Светлый фон

Фебо, как и Томмазо, Микеланджело дарил сонеты, а сонетов в те годы он сочинил множество. В стихах, вероятно посвященных Фебо, обыгрывается значение его фамилии Поджо («холм»), его «солнечное» имя, а сам юноша уподобляется Фебу, или Аполлону, или богу солнца[1229]. Однако единственное сохранившееся письмо, отправленное Фебо к Микеланджело, кажется неискренним и корыстным, оно ничем не схоже с изысканными, но проникнутыми искренней преданностью письмами Томмазо[1230].

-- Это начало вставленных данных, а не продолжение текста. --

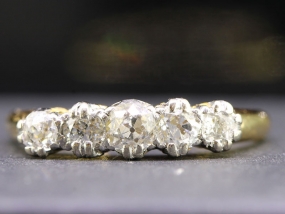  FABULOUS EDWARDIAN FIVE STONE DIAMOND 18 GOLD RING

Оно датировано 14 января 1535 года. Фебо утверждает, что не сумел отлучиться, чтобы попрощаться с Микеланджело в тот день, когда уехал из Флоренции, но нисколько не сердится на него, поскольку видит в нем едва ли не отца. Впрочем, Фебо не потрудился дать знать о себе в течение следующих трех с половиной месяцев, которые провел в Пизе. Теперь, вернувшись во Флоренцию и нуждаясь в деньгах, Фебо с радостью принял помощь, предложенную Микеланджело, и попросил его прислать денежный перевод на имя своего банкира, надеясь получить наличные. Чрезвычайно маловероятно, чтобы любовь Микеланджело к Томмазо Кавальери обрела какое-то физическое выражение; однако трудно поверить, что его отношения с Фебо были столь же чисты.

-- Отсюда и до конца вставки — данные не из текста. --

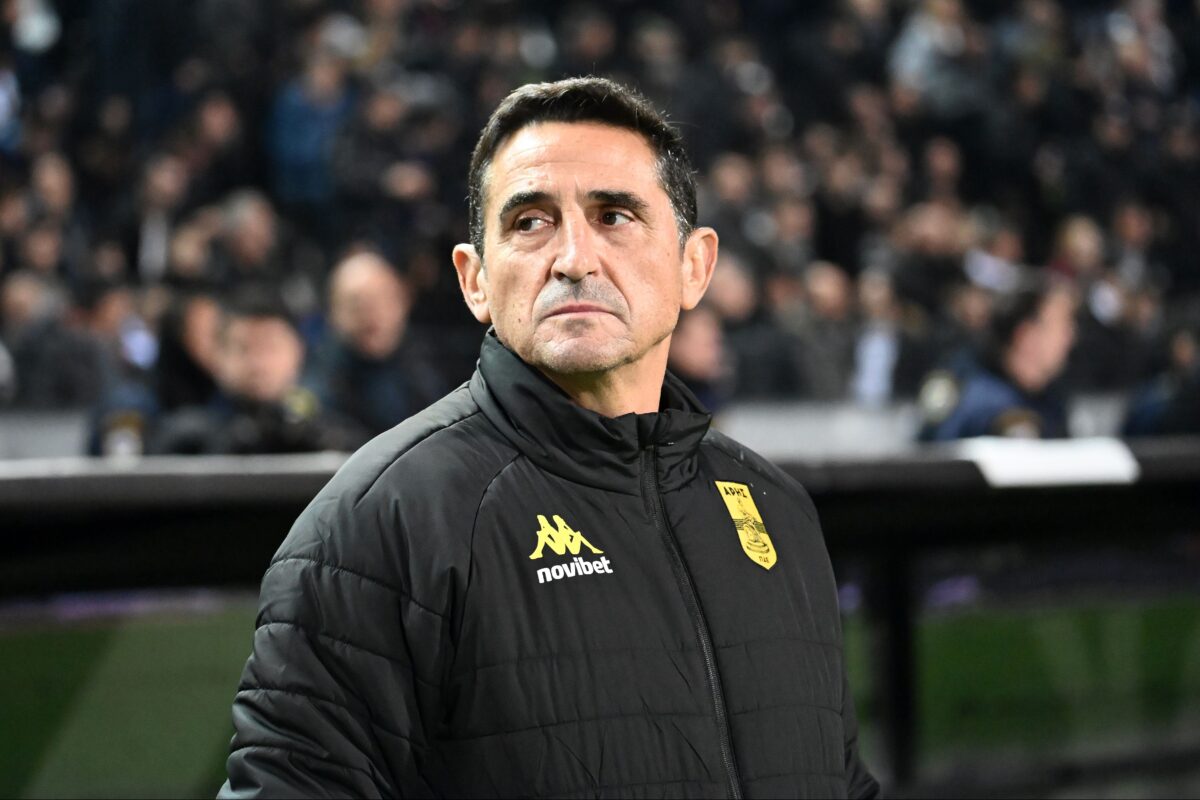 Έντονα παράπονα του Χιμένεθ για τη διαιτησία στο ΠΑΟΚ – Άρης!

Искушение грехом – сюжет рисунка Микеланджело, озаглавленного «Сон» («Il Sogno»)[1231]. Вазари причисляет его к группе, в которую входят «Ганимед», «Наказание Тития» и другие, созданные для Томмазо, но когда именно он был исполнен, мы не знаем. На этом графическом листе изображен идеально стройный, атлетически сложенный молодой человек, облокотившийся на сферу, которая, вероятно, призвана символизировать земной шар. Юноша сидит на некоем ящике, в котором лежат усмехающиеся театральные маски, видимо аллегорически представляющие всю тщету и обманчивость земных наслаждений, устремлений и замыслов. Они напоминают мрачную и зловещую маску, скрывающуюся под рукой «Ночи» в капелле Медичи.

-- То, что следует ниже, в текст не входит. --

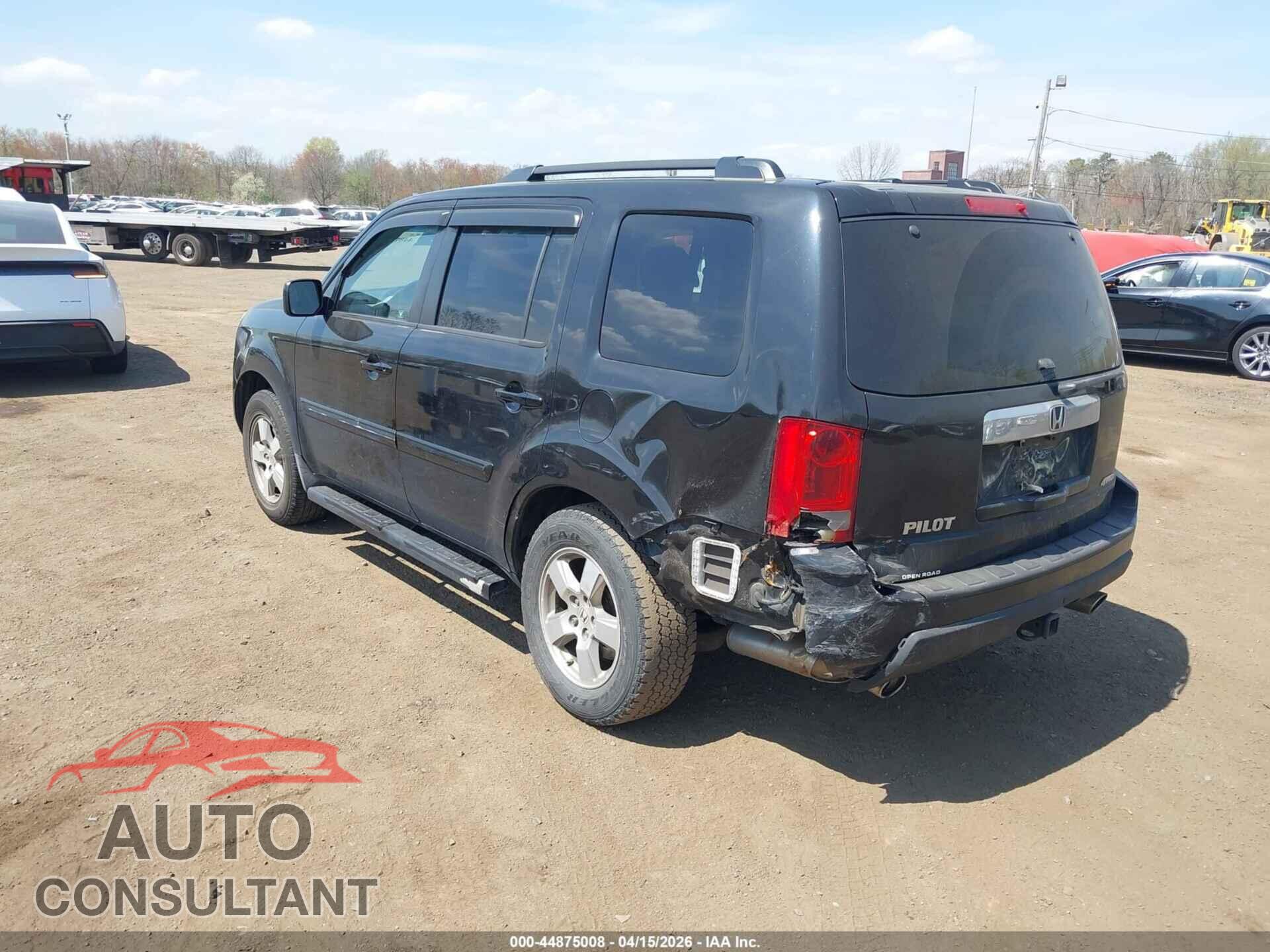 HONDA PILOT 2011 - 5FNYF4H68BB036623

За спиной молодого человека кольцом расположились пороки, в том числе гнев, алчность и прежде всего похоть, которую представляют нагие обнявшиеся любовники. В облаках над ними парит, полустертый в прошлом каким-то ханжеским владельцем рисунка, массивный, возбужденный пенис, воздетый кверху словно пушечный ствол, – наиболее откровенный сексуальный образ, когда-либо созданный Микеланджело.

Впрочем, молодого человека на этом аллегорическом рисунке от грозящих ему искушений отвращает обнаженный крылатый гений, слетающий с небес и дующий в трубу, направленную прямо в лоб главному герою. Таким образом, душа его пробуждается, отринув порок и устремившись к добродетели. Как мы уже видели, в жизни самого Микеланджело на рубеже пятидесяти – пятидесяти пяти лет чувственная страсть стала играть более важную роль, чем когда-либо прежде. Именно в эти годы, как указывал переводчик и исследователь его стихов Джеймс Сэслоу, он сочинил «первый массив любовной поэзии на родном языке в европейской традиции Нового времени, обращенный мужчиной к другому мужчине»[1232]. Несколько сонетов он адресовал Фебо, но бо́льшую часть, судя по всему, – Томмазо.